While the carbon reduction plans of corporations have been widely studied, “we know less about what happens after companies adopt carbon targets” and how they may adjust them, said Kim, a professor of strategy and statistics.

Carbon Reduction Versus Profits

Companies have been setting carbon emission reduction targets for the past few decades because of pressure from climate-conscious investors, customers, their local communities, or regulators

After taking advantage of “low-hanging fruit” like energy efficiency improvements, companies may have to turn to more expensive efforts, like overhauling their technologies or business processes, Kim said, noting that these practices may eat into profits.

Moving the Goalpost 

Faced with pressure to appear environmentally friendly while also controlling costs,  companies will sometimes deceptively tweak their targets: while maintaining an “eye-catching”  overall goal, like a 20% reduction in greenhouse gases, companies will quietly lengthen the timeline for meeting it, Kim said. 

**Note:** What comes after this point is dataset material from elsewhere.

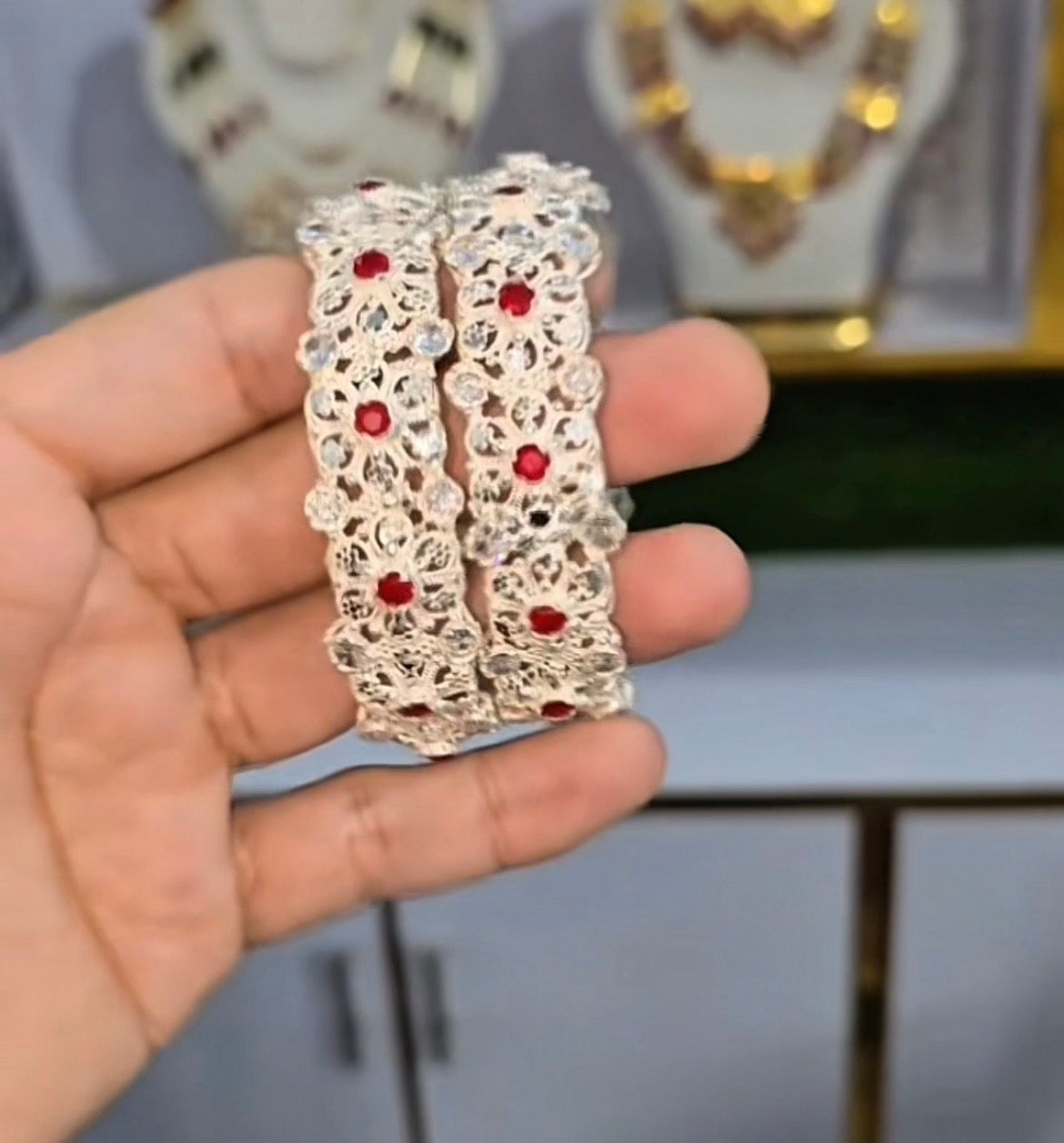 Italian Bangle – Floral Stone Designer Cuff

A five-year timeline might become a 10-year timeline, “effectively ‘kicking the can down the road’” and reducing the effort required per year, the study says. 

Deceptive Changes

She and a colleague from the University of Vermont examined this practice in a study of 546 firms’ carbon targets from 2011 to 2019. Published last fall, the study showed that this kind of deceptive change was most likely among firms struggling to meet an ambitious target, but also among firms with smaller targets who decide to adopt bigger ones. 

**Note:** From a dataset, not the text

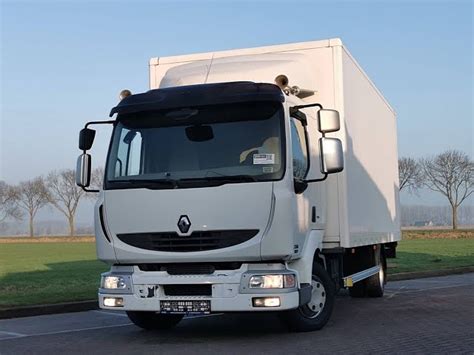 тематиinė nuotrauka su Renault Midlum sunkvežimiu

And a new study they are conducting casts a wider net, looking broadly at companies who changed their targets, whether or not they were deceptive about it.

Unsurprisingly, it found that carbon emissions grew among companies that relaxed their carbon targets. But, similar to the findings in their earlier study, they found that emissions also grew among companies that strengthened their targets, since they tended to stretch the timeline for meeting them and didn’t face “immediate pressure,” Kim said. Also, these firms didn’t make greater investments in carbon reduction after strengthening their targets. 

Aiming for Transparency

Her research shows the need for climate-concerned investors to look closely at a company’s carbon reduction targets and practices, and could inform regulatory efforts aimed at greater disclosure, she said. 

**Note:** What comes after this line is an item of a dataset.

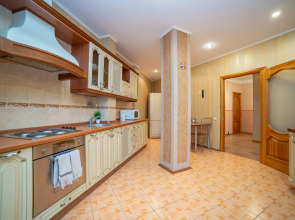 Апартаменты Радищева 12 трехкомнатная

Media scrutiny can also be helpful: Her study from last fall found that if media outlets covered controversies around companies’ carbon emissions practices, the companies were less likely to deceptively change their targets.

Companies have recently become less enthusiastic about carbon targets, in part because of the priorities of the Trump administration in Washington, she said. But students’ interest in the topic remains strong, said Kim, who teaches a class in sustainability and business strategy.  

“As long as younger generation are interested, I feel that the research around [climate targets]would continue,” she said.